B. B. Conclusions du comité
B. B. Conclusions du comité
- 345. Le comité note que les graves événements auxquels se sont référés les plaignants se sont produits à l'occasion des grèves organisées dans des entreprises du secteur sucrier. Pour le gouvernement ces mouvements de grève étaient illégaux du fait que, dans le cas de l'entreprise AZTRA, le préavis imposé par la législation n'avait pas été donné et que, dans celui de la ferme San Rafaël, les revendications tendaient à réformer une convention collective en vigueur. En outre, les mouvements en question avaient été accompagnés d'une occupation des locaux.
- 346. Les deux cas ont donné lieu à une intervention des forces de l'ordre qui ont entraîné des pertes de vies humaines, particulièrement nombreuses à la raffinerie AZTRA. Le comité a noté la déclaration du sous-secrétaire d'Etat au travail décrivant les événements survenus dans cette raffinerie. Il apparaît que la description ainsi fournie est largement contradictoire avec les déclarations des plaignants quant à la forme d'intervention de la police, le nombre des morts, l'existence de blessés et l'origine des décès. Sur ce dernier point, les plaignants déclarent que des personnes furent tuées par balles et d'autres périrent noyées, alors qu'elles fuyaient devant les forces de l'ordre. Pour le gouvernement, les décès sont dus à des noyades survenues dans une confusion totale. Par ailleurs, le gouvernement ne fournit pas de précisions sur l'intervention de la police à la ferme San Rafaël, alors que les plaignants indiquaient que les travailleurs réunis dans l'entreprise avaient été attaqués par un groupe armé composé en partie de membres de la police rurale.
- 347. Le comité doit manifester sa profonde préoccupation devant la particulière gravité des événements survenus dans ces deux entreprises, d'autant que les explications fournies par le gouvernement n'éclaircissent pas suffisamment la nature de l'intervention de la police dans ces cas. Il n'apparaît pas, en effet, à la lumière des informations disponibles, que l'attitude des travailleurs dans les entreprises investies par la police aurait justifié une intervention des forces de l'ordre de nature à entraîner la perte de nombreuses vies humaines. Au sujet de l'entreprise AZTRA, le comité constate d'ailleurs que, deux mois après ces événements, a été signé un accord qui semble répondre aux revendications présentées par les travailleurs et dont le rejet avait provoqué la grève.

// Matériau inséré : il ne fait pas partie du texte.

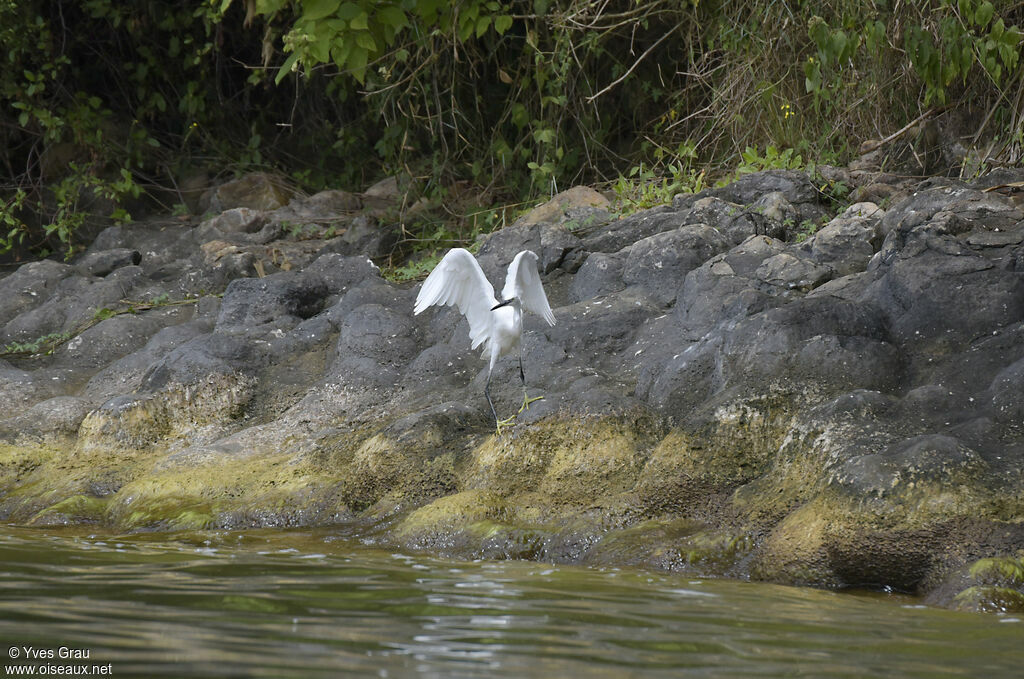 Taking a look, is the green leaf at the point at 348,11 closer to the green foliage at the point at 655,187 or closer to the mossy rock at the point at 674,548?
the mossy rock at the point at 674,548

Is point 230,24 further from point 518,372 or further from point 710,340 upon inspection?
point 710,340

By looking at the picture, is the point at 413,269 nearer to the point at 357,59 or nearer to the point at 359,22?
the point at 357,59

- 348. Le comité observe également que les plaignants faisaient état de l'arrestation de plusieurs dirigeants syndicaux. Le gouvernement n'ayant pas répondu à ces allégations, le comité souhaiterait que le gouvernement transmette des informations sur la situation actuelle de ces personnes, notamment sur le point de savoir quelles sont celles qui sont encore détenues et si elles ont été soumises à des instances judiciaires.
Recommandation du comité
Recommandation du comité
- 349. Dans ces conditions, le comité recommande au Conseil d'administration:
- a) de déplorer la particulière gravité des événements survenus à l'occasion des grèves à la raffinerie AZTRA et à la ferme San Rafaël;
- b) d'attirer l'attention du gouvernement sur les considérations exposées aux paragraphes 346 et 347 ci-dessus concernant l'intervention des forces de l'ordre dans ces deux entreprises;
- c) de prier le gouvernement de fournir des informations sur la situation actuelle des dirigeants syndicaux mentionnés au paragraphe 338 ci-dessus et d'indiquer notamment quels sont ceux qui sont encore détenus et s'ils ont été soumis à des instances judiciaires;
- d) de noter le présent rapport intérimaire.
- Genève, 23 février 1978. (Signé) Roberto AGO, Président.